The data:

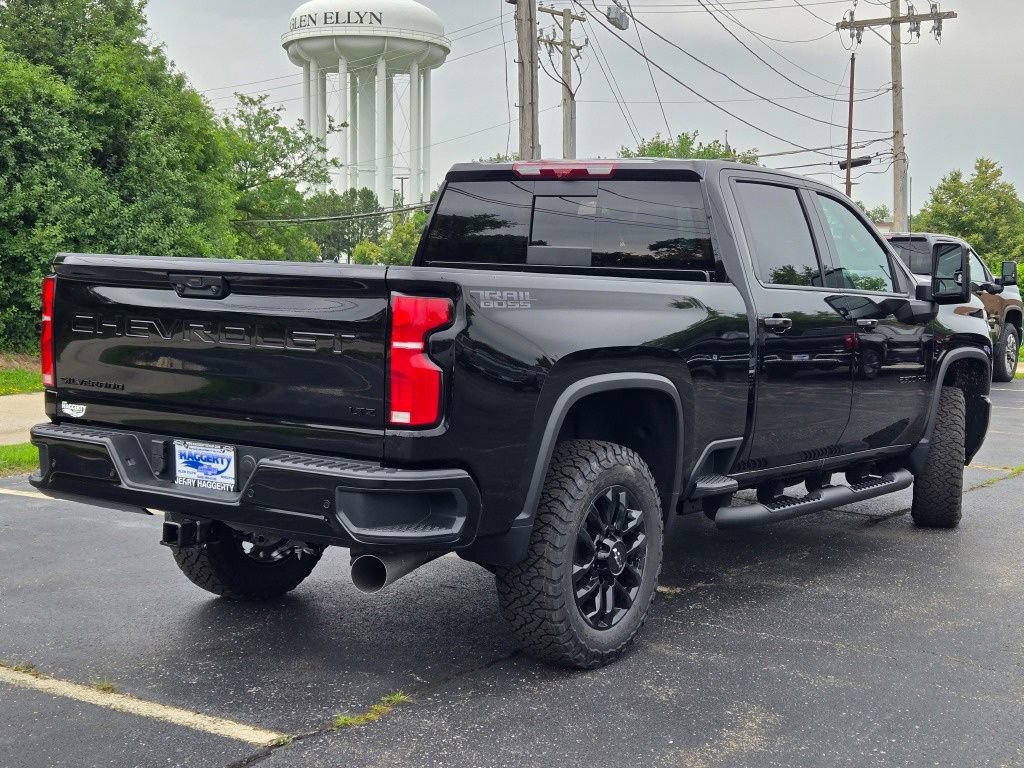 New 2026 Chevrolet Silverado 2500 LTZ w/ Trail Boss Package AWD/4WD image 11
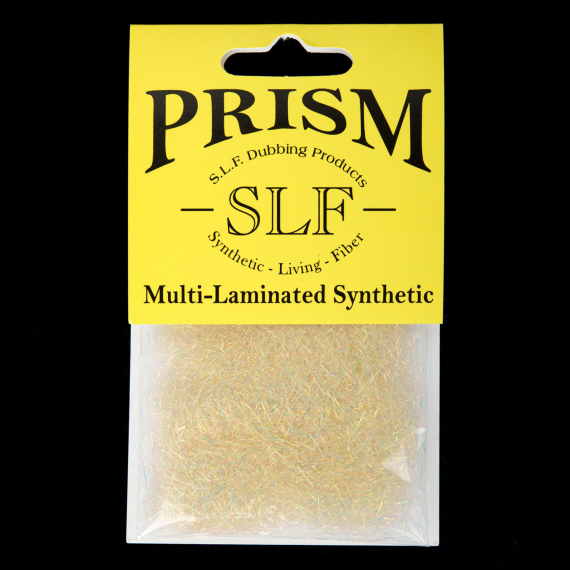 SLF-Prism Dubbing - Sand ryhmässä Koukut & Tarvikkeet / Perhonsidonta / Perhonsidontamateriaalit / Dubbingit @ Sportfiskeprylar.se (W-SLFP144)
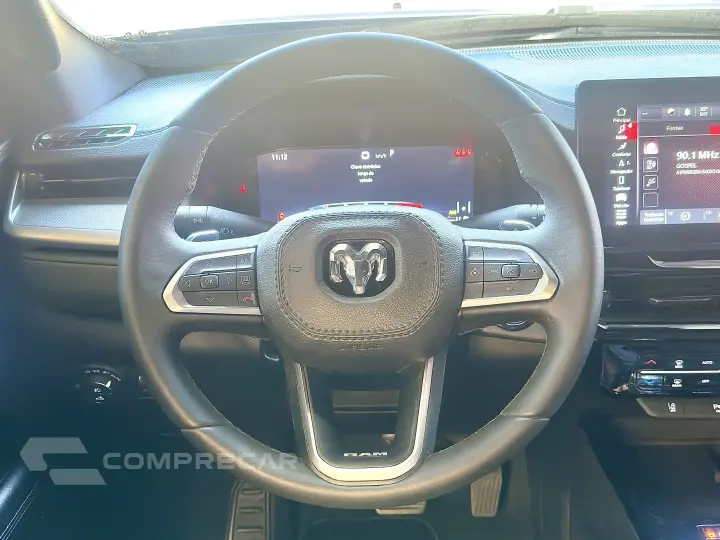 RAMPAGE 2.0 TURBO DIESEL REBEL 4X4 AUTOMÁTICO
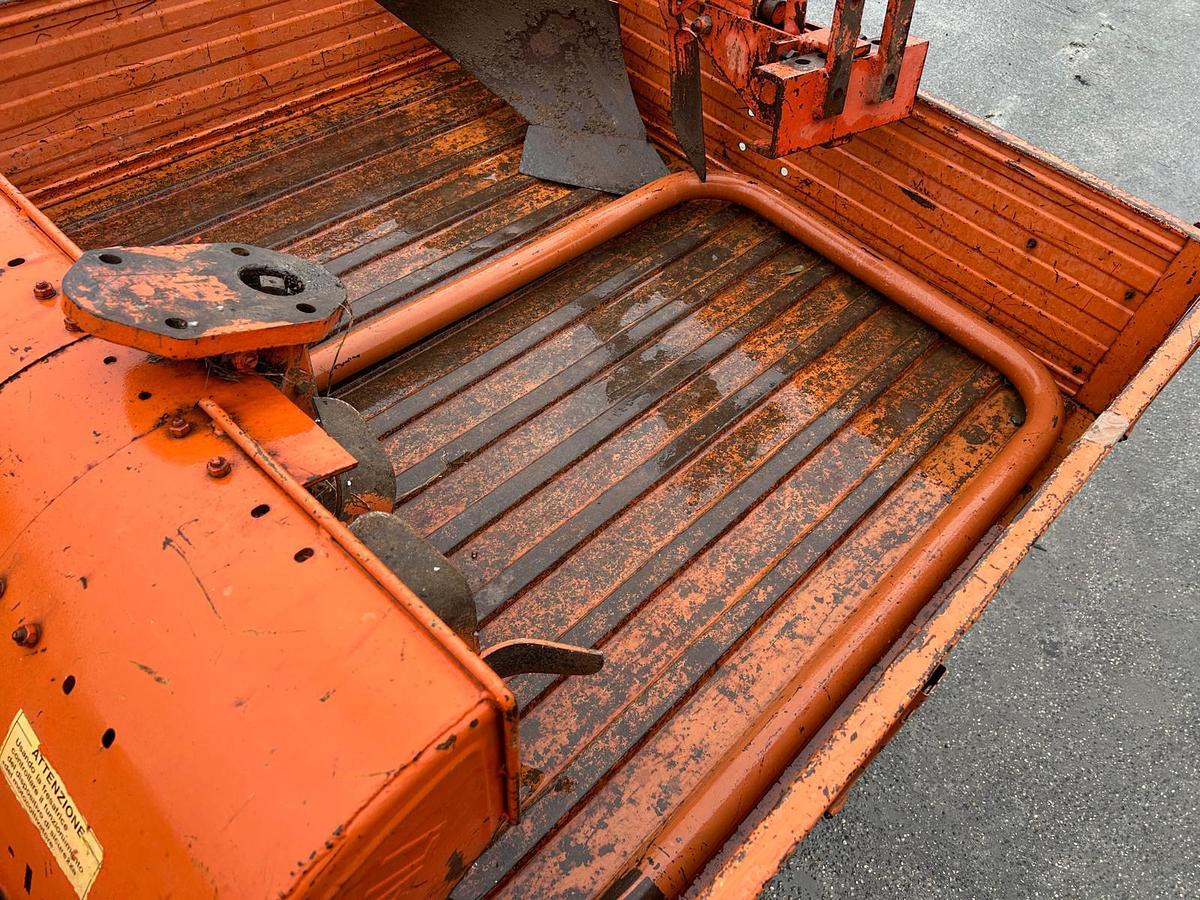 Usato motoagricola Pasquali 922 a benzina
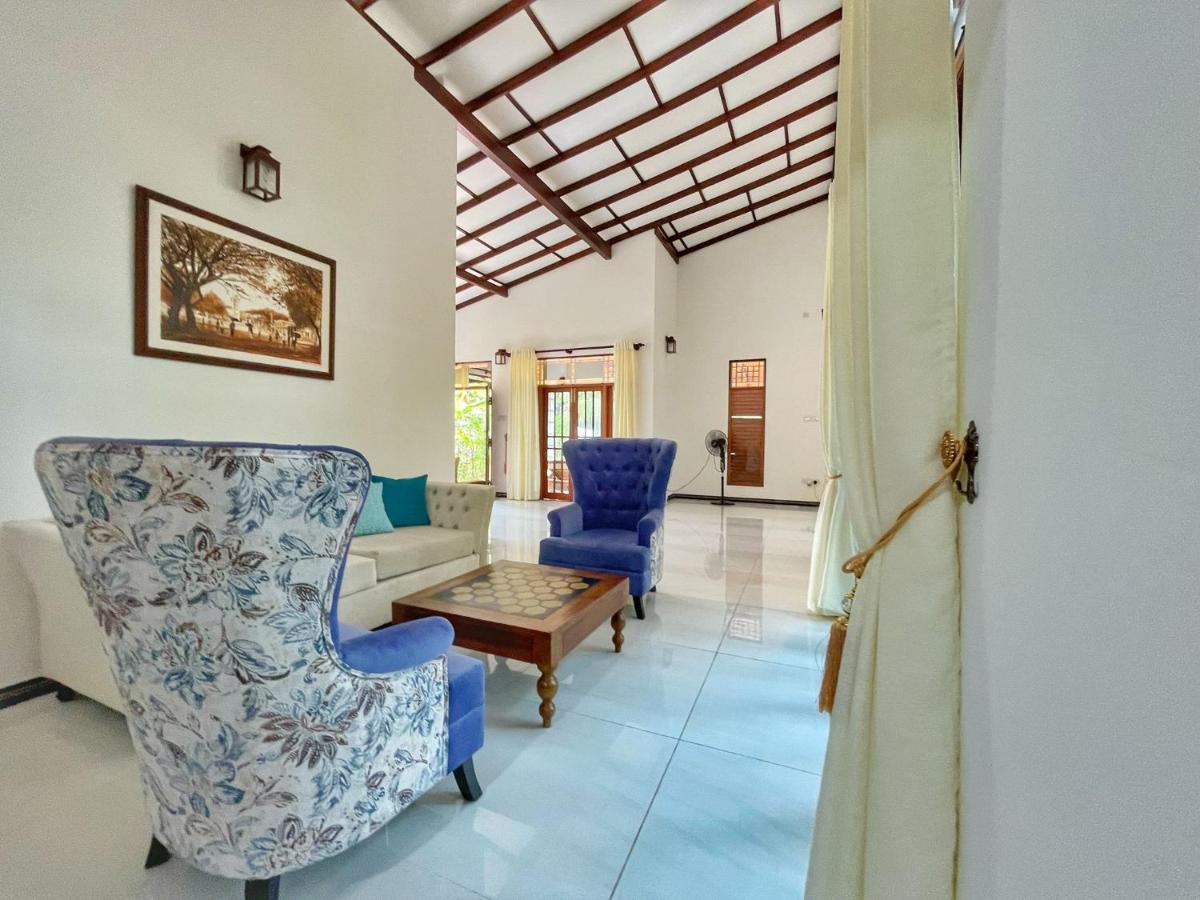Ceylon Serenity Villas Beruwala Exterior foto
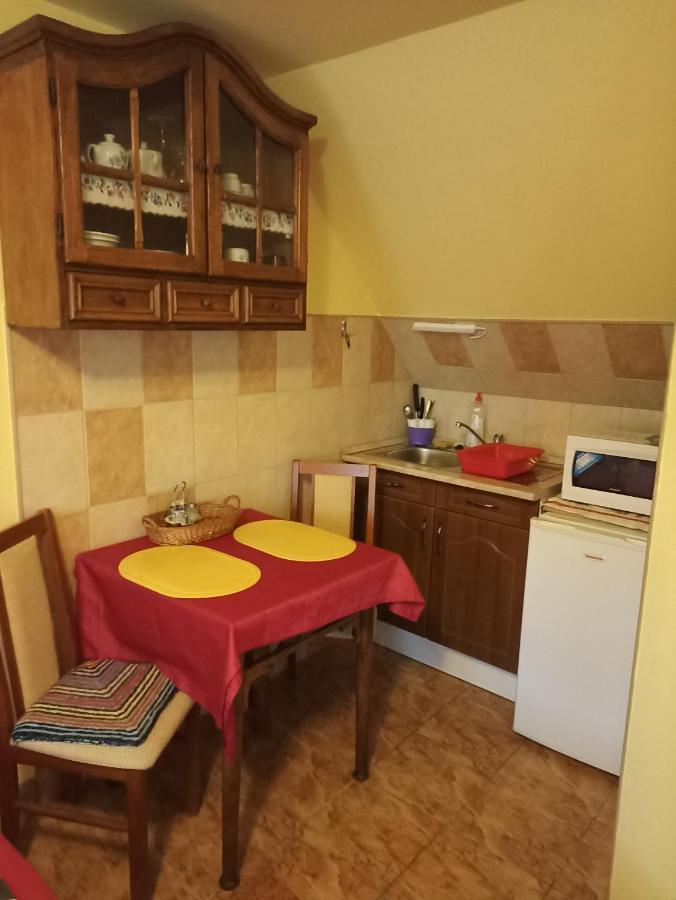 Ginkgo Apartman Demjén Exterior foto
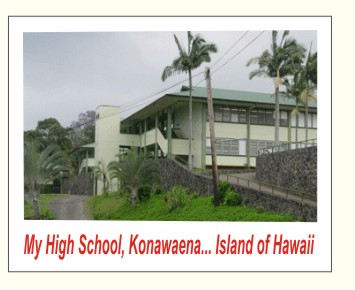 Konawaena High School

Work task:
For this exercise, reproduce the data above exactly from the line containing "Usato motoagricola Pasquali 922 a benzina" through its final line, both ends included, with no pictures in the copy.

Output for this exercise:
 Usato motoagricola Pasquali 922 a benzina
Ceylon Serenity Villas Beruwala Exterior foto
 Ginkgo Apartman Demjén Exterior foto
 Konawaena High School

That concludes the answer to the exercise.